In the Excel file, there are three specific names which need to change:
- Mcavaney to McAvaney;
- O’driscoll to O’Driscoll;
- Dixon-bulls to Dixon-Bulls
Excel will allow the changing of type to uppercase, title case or lower case. InDesign will allow the dynamic changing of case to uppercase only. Yes, InDesign will allow the changing of text to upper, lower, title and sentence case when selected, but not part of a character style – only all-caps (which acts as uppercase).
However, GREP styles allow specific letters to change case, which allow the three changes to happen. Two styles have to be created:
The first character setting only has the All Caps setting changed in the options (called uppercase in the example).
The second character setting only has the Normal setting changed in the options (called NOT uppercase in the example)
From here, make a Paragraph style with the GREP styles as illustrated in this picture; or copy the text below
Performs a positive lookahead in that paragraph style from any word with the first two letters Mc and then uppercase the third lowercase letter. It changes Mcavaney to McAvaney.
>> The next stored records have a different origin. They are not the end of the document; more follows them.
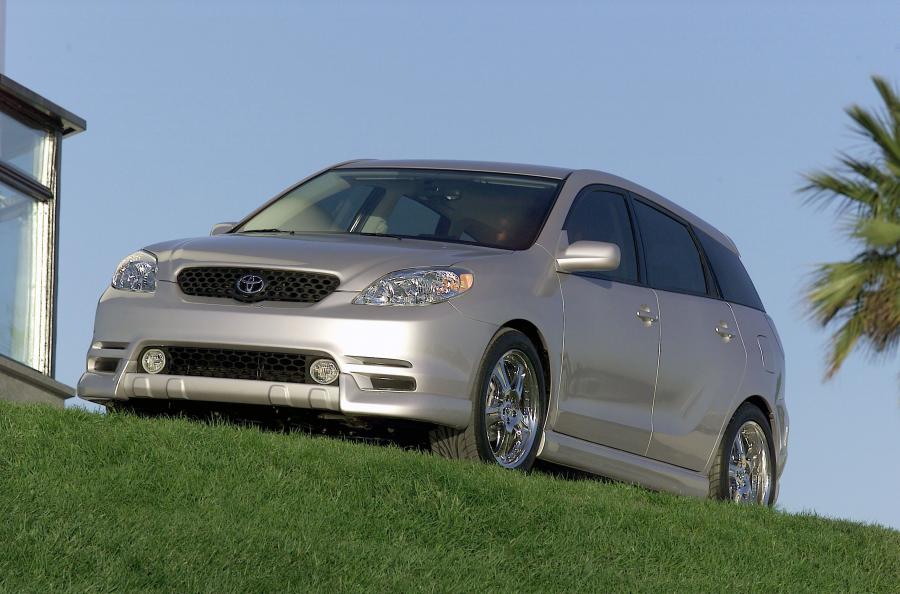  Toyota Corolla Matrix Concept (E130) 2001 года  (фото 19 из 34)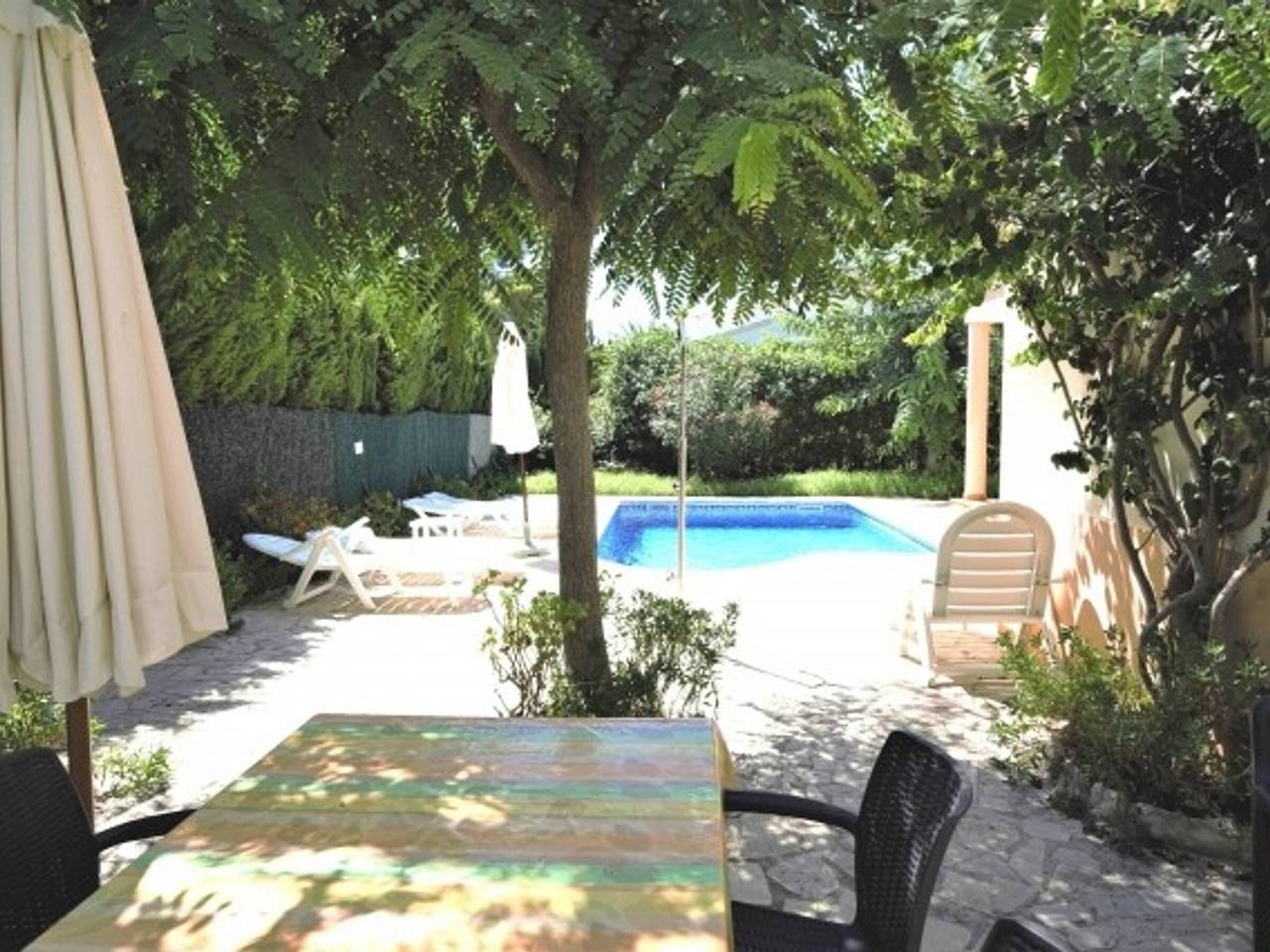 Villa calme avec piscine privée en bord de mer - Costa Dorada, 6 pers. in Les Tres Cales, Terres de l'Èbre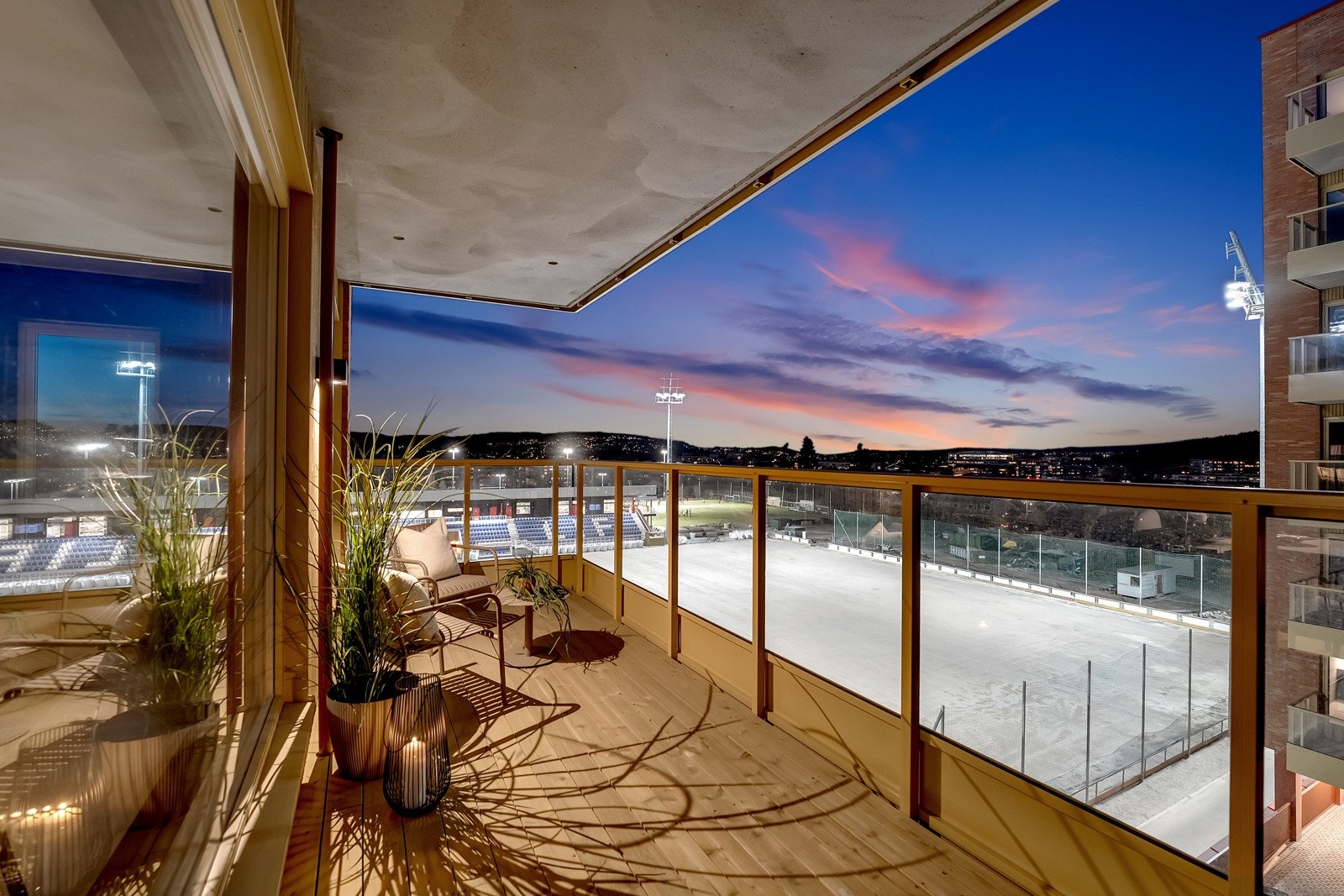 Fra stuen har du direkte utgang til en østvendt balkong på 11 kvm - med flott utsikt over området. Galleribilde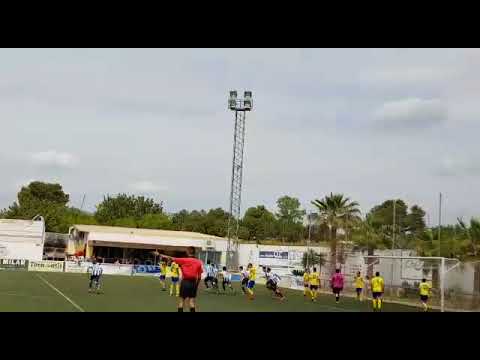 El Gol de la Victoria... 3 - 4 al C.D. Cheste "A"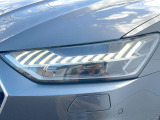 ●LEDハイビームが多数独立で存在し、ハイビーム時に対向車や前方を走る車の部分をロービームに切り替えが可能!!シーケンシャルウインカーも装備!!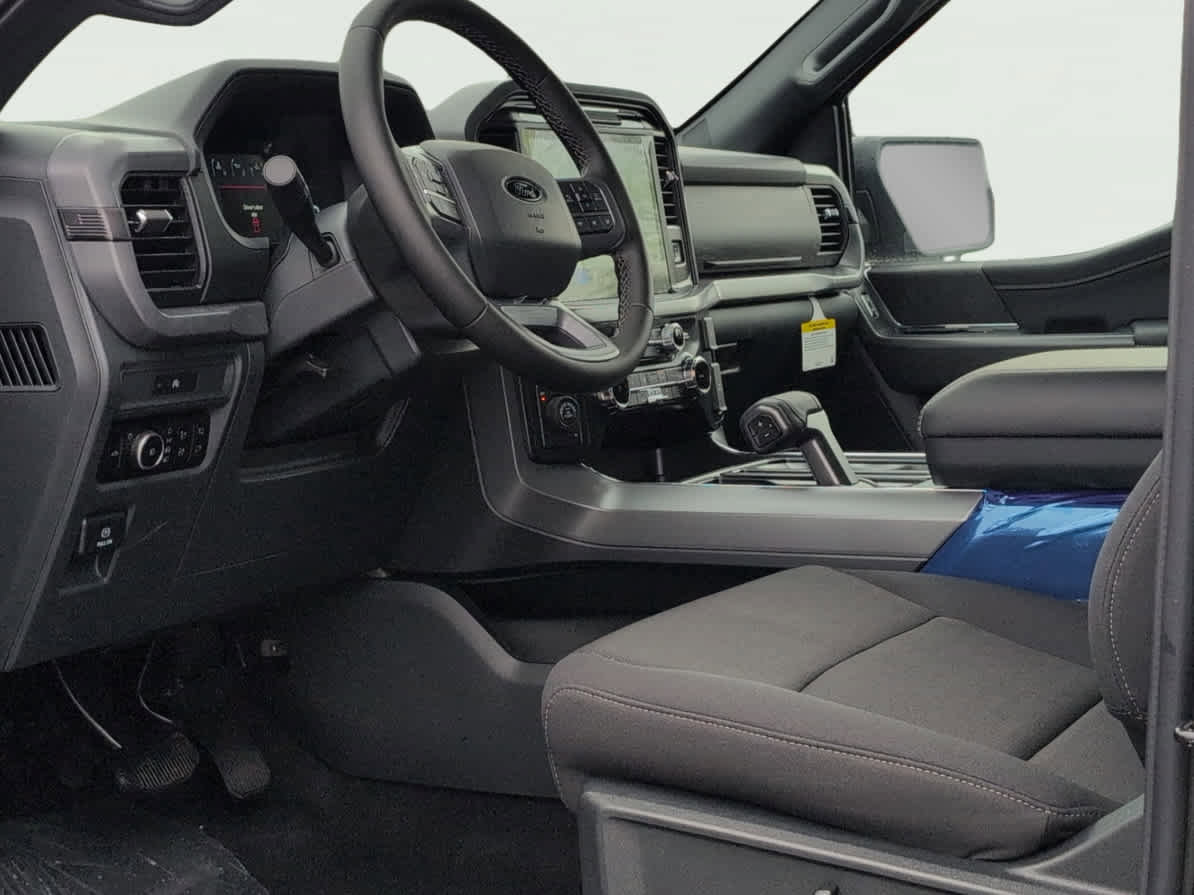 New 2025 Ford F150 XLT w/ Equipment Group 302A MID image 8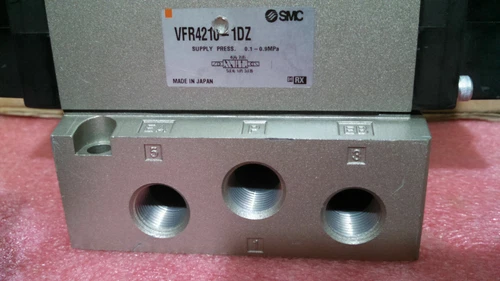 SMC VFR4210-1DZ Base Mt 3/8 Solenoid Valve 5 Port 110VAC Transmitter Meter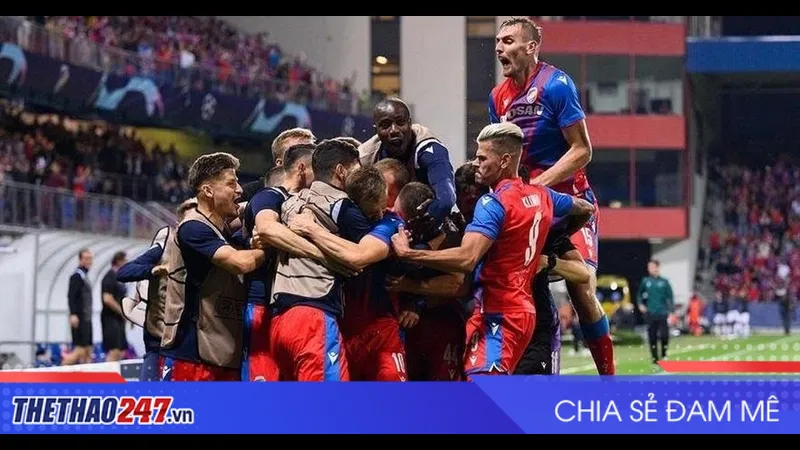 Cầu thủ Plzen và Young Boys tranh chấp bóng trên sân Cầu thủ Plzen và Young Boys tranh chấp bóng trên sân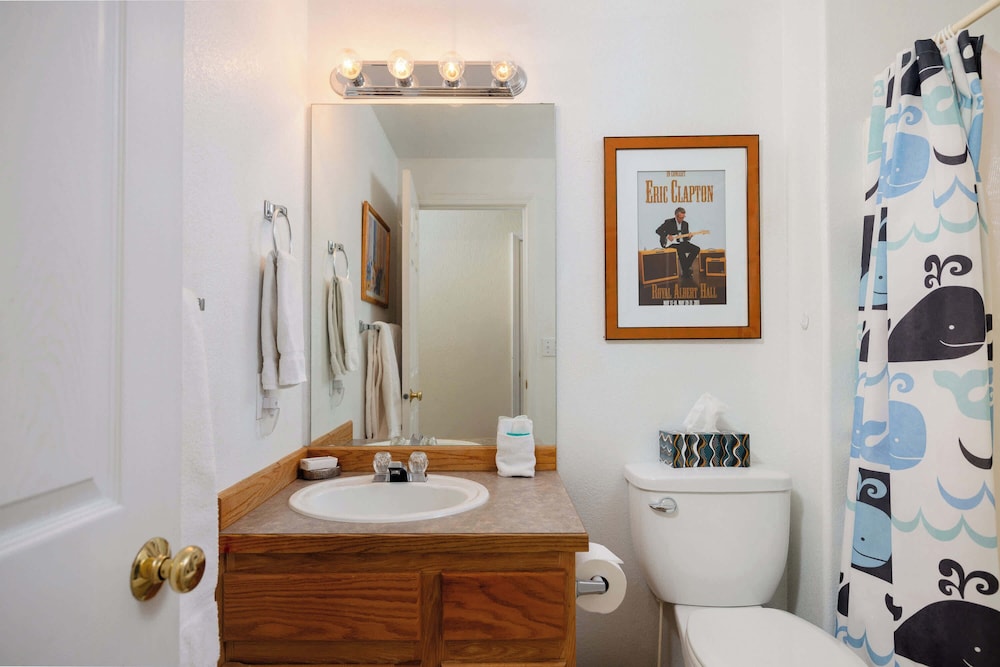Rock Bluff Retreat - Home for 6!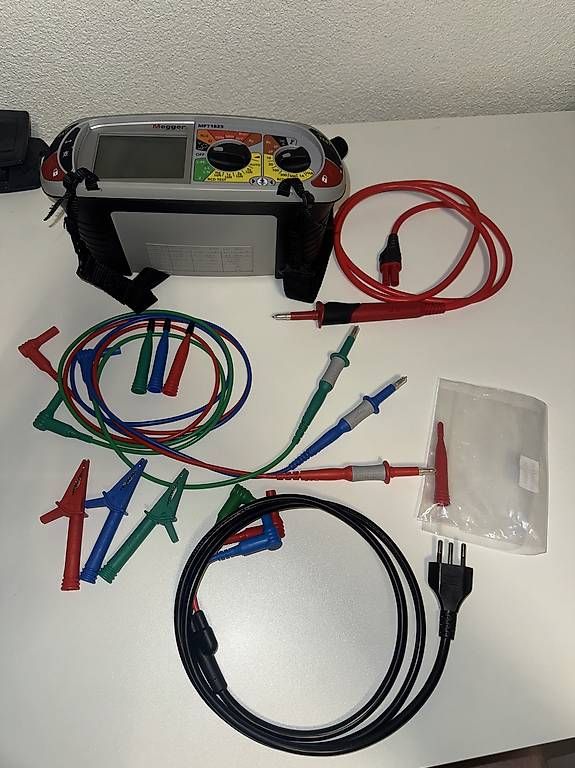 Misurare: Megger MFT 1825 Installationstester – Usato da Kloten venduto da fet_vl82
Performs a positive lookahead in that paragraph style from any uppercase letter followed by an apostrophe and then uppercase a lowercase letter which follows it. It changes O’driscoll to O’Driscoll or D’onofrio to D’Onofrio.
The last fix was the hardest and I owe a debt of gratitude to regular poster to both Adobe Forums and indesignsecrets.com poster, Jongware, for his help resolving the issue. To fix the hyphenated names, first a GREP which assigns All Caps style to words which start with a capital letter and then have lowercase letters and a hyphen. An additional GREP is then run afterward which strips the All Caps style from what was just applied except for the letter after the hyphen.
This fix did come with a warning of potential side effects so I have not implemented it professionally, but felt that it was worth demonstrating to show the power of GREP.
Adding bar graphs:
This is the one I’m most proud of, but is also the hardest to explain. I’ve said many times that InDesign doesn’t understand the data its placing, meaning that InDesign wouldn’t be able to just see numbers and then work out how big a bar graph would be based on that number.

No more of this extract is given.